Turkey economy rebounding much faster than expected, ING says
Turkey’s economy is outperforming, rebounding from a currency crisis in 2018 at a much higher pace than anticipated, Dutch bank ING said.
Credit policies, a supportive fiscal stance and strong net exports have all contributed to the turnaround, ING’s chief economist for Turkey Muhammet Mercan said in a report published on Thursday.
Mercan was responding to economic data that showed industrial output surging by 8.6 percent annually in December in a fourth-straight month of advances.
“Recent high-frequency data suggest the recovery will continue this year with ongoing acceleration in lending thanks to the changes in the reserve requirement framework and deep rate cutting cycle since mid-2019,” Mercan said.
Turkey’s economy is recovering from the currency crisis, which had sent it into a painful recession in late 2018 and early last year. The government responded with tax cuts and ordered state-run banks to provide companies and consumers with below-inflation interest rates on loans.

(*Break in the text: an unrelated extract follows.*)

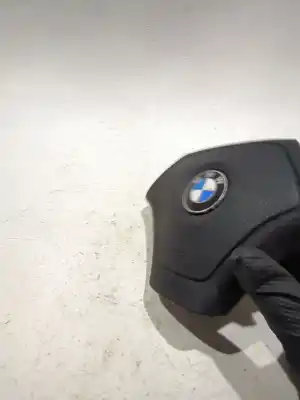 Peça sobressalente para automóvel em segunda mão airbag dianteiro esquerdo por bmw 3 (e46) 320 d referências oem iam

The government targets economic growth of 5 percent this year under a programme announced in September. Some economists fear that the unorthodox steps it is taking may destabilise the economy. The government denies such claims labelling them as scare mongering.
Industrial output also rose 1.9 percent month-on-month in December.
Output has grown every quarter in 2019 – 1.5 percent quarter-on-quarter in the last two quarters, 0.8 percent in the second and 1.8 percent in the first, Mercan said. In 2019, output contracted an annual 0.7 percent, reflecting the impact of the currency shock and the extent of the ensuing economic adjustment, he said.